When Kari Brackett of Lake Township saw on the news that a little girl's bike was stuck in the side of tornado-damaged home, she said she had "no excuse" not to donate an extra bike she had at her home.
"All it needed was a couple of repairs," Ms. Brackett, 24, said.
After she saw the tornado damage, she asked her brother to help fix the bike and dropped it off at Mainstreet Church that same morning. She hopes any girl who lost her bike in the tornado can use the one she donated.
"I'm sure it was more than one little girl that lost their bike," Ms. Brackett said. "Having kids in my home, I know that they would be lost without their bikes."
Carolyn Schermbeck, director of communications for Mainstreet Church, said she was touched by Ms. Brackett's gesture.
"It was just such an incredible example of the heart of our community that someone literally saw a little girl's bike on TV and it just touched them so much," she said.
One other bike was donated to the church, but she does not know who donated it.
Ms. Schermbeck said families affected by the tornado have been overwhelmed by the community's response to the damage so far.
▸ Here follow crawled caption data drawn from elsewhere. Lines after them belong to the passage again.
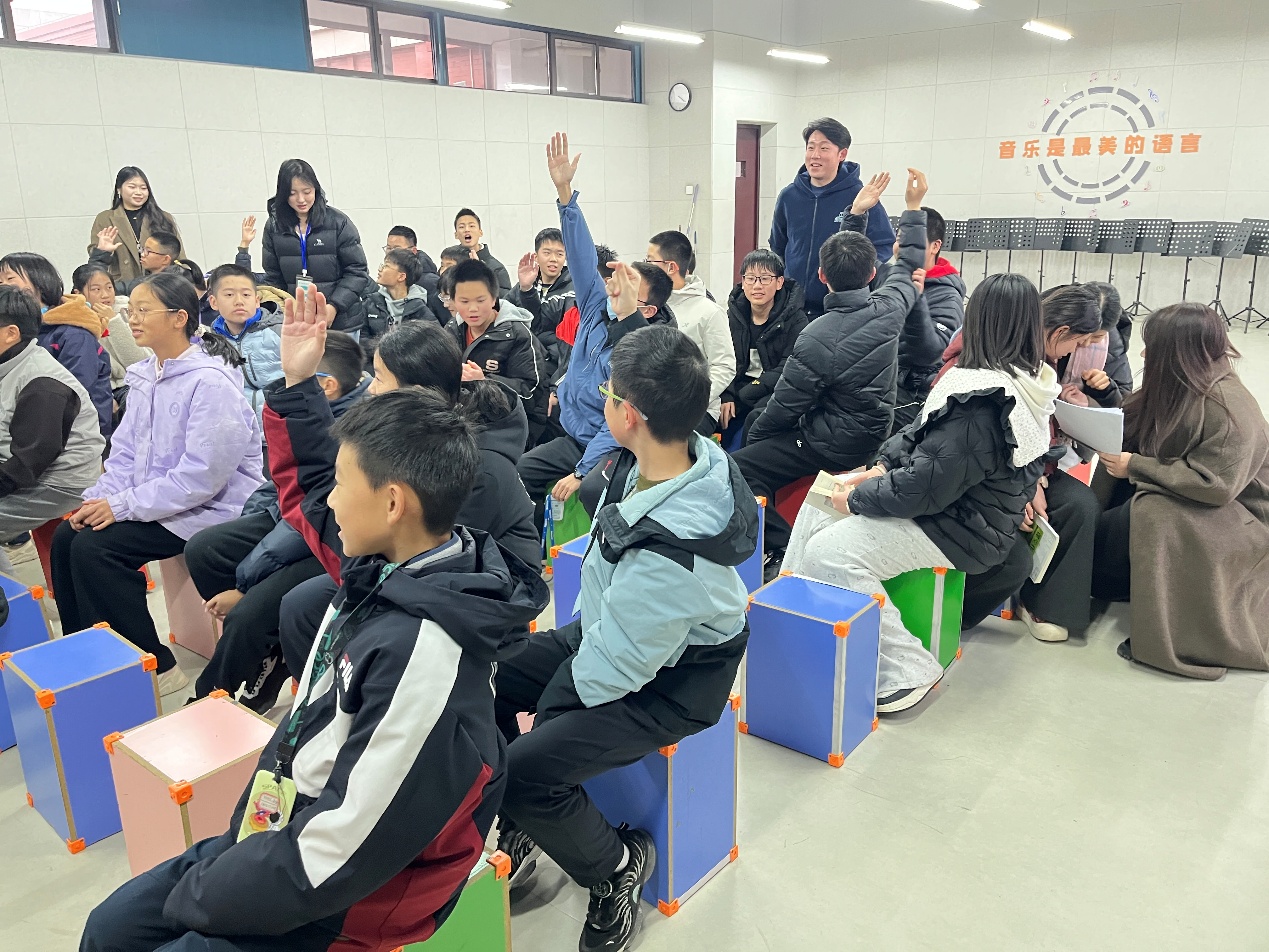 科技赋能成长 湖北二师22级实习生在光谷未来学校开展AI+电子乐器实践营教育活动策划与咨询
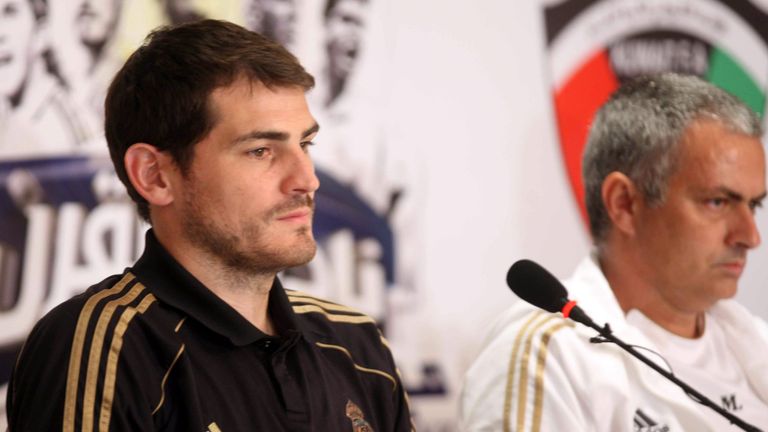 Das Verhältnis zwischen Jose Mourinho (rechts) und Iker Casillas war nicht das Beste.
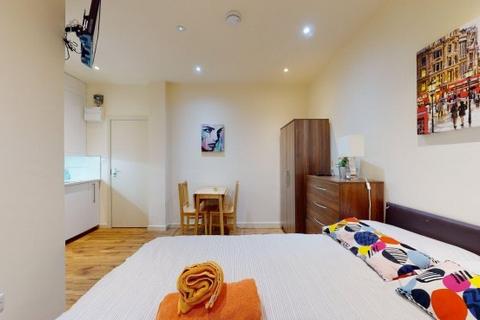1 bedroom flat to rent, Chatsworth Road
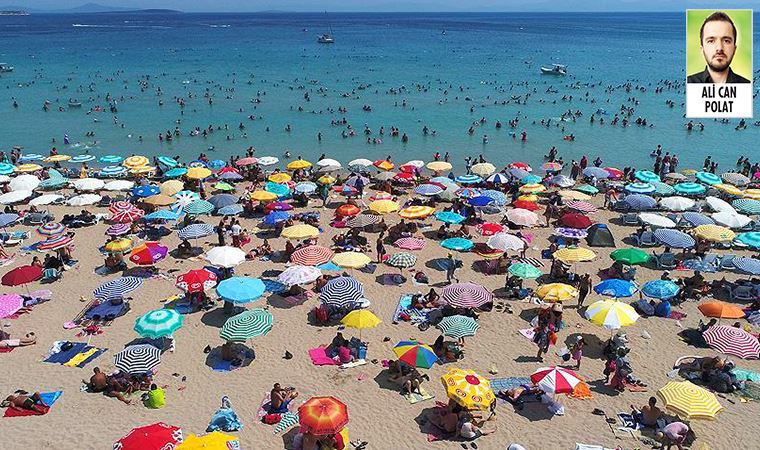 Uçuş yasaklarının kalkmasıyla dördüncü varyantı yaşayan Rusya’dan gelecek turist endişelendiriyor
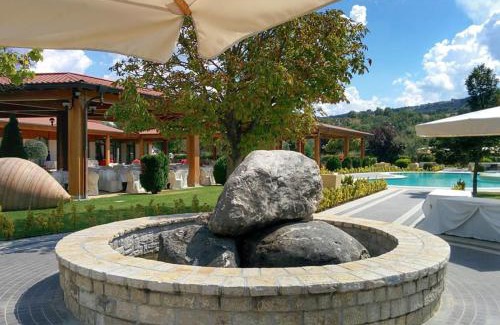 Castropignano Hotel | Hotel Villa d'Evoli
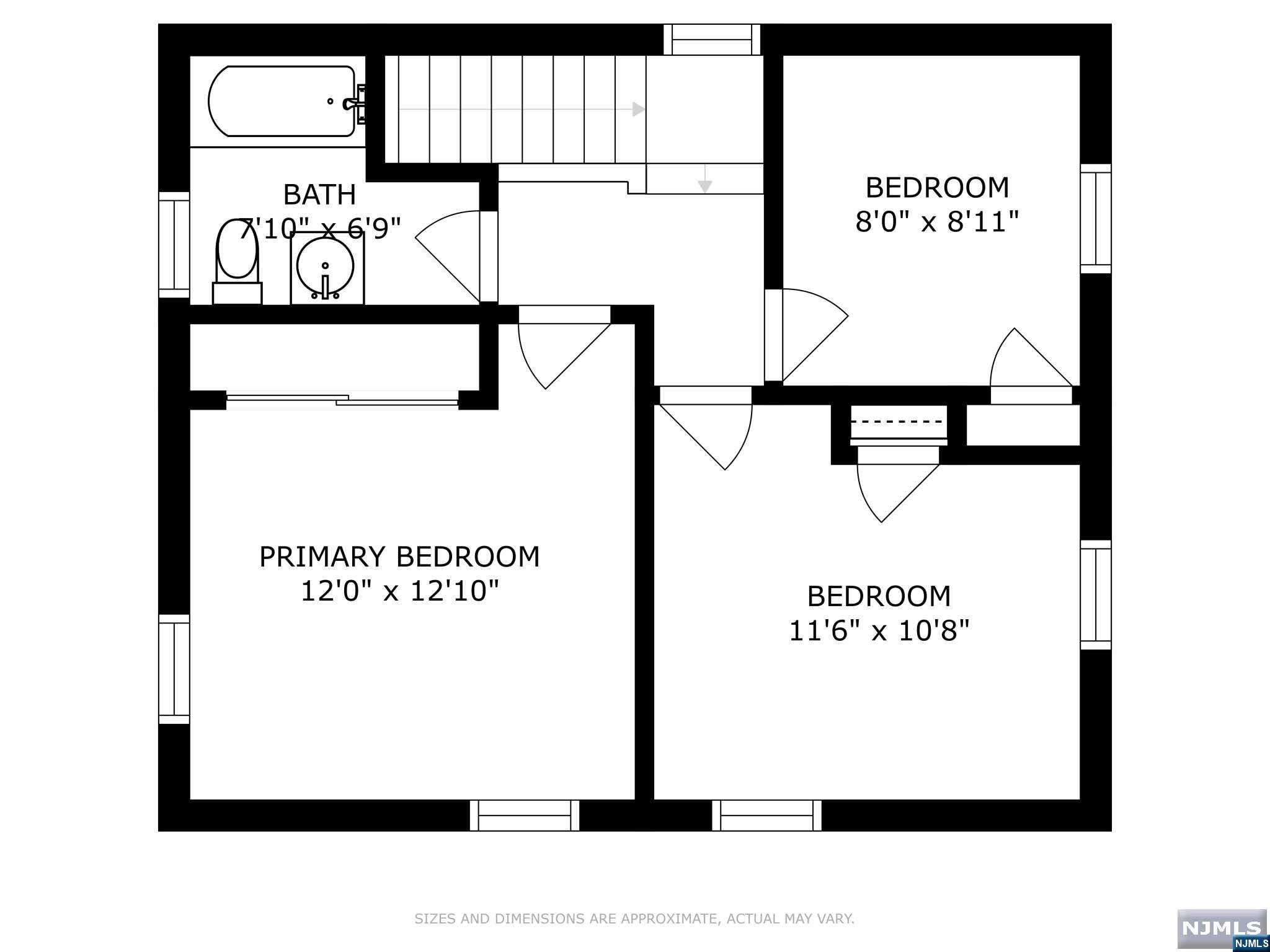 Main image without alt text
"A number of volunteers have come back and just said that homeowners that they have helped, how they've come up to them and so many have teared up or just broke down," she said. "They just can't believe the help they have received."
Ms. Schermbeck said the church has put a hold on donations until she gets a clearer picture of where the cleanup effort stands.
"They have received a tremendous outpouring of help. It was far greater and far quicker than they thought," she said. "I want to make sure we're not wasting people's time or resources."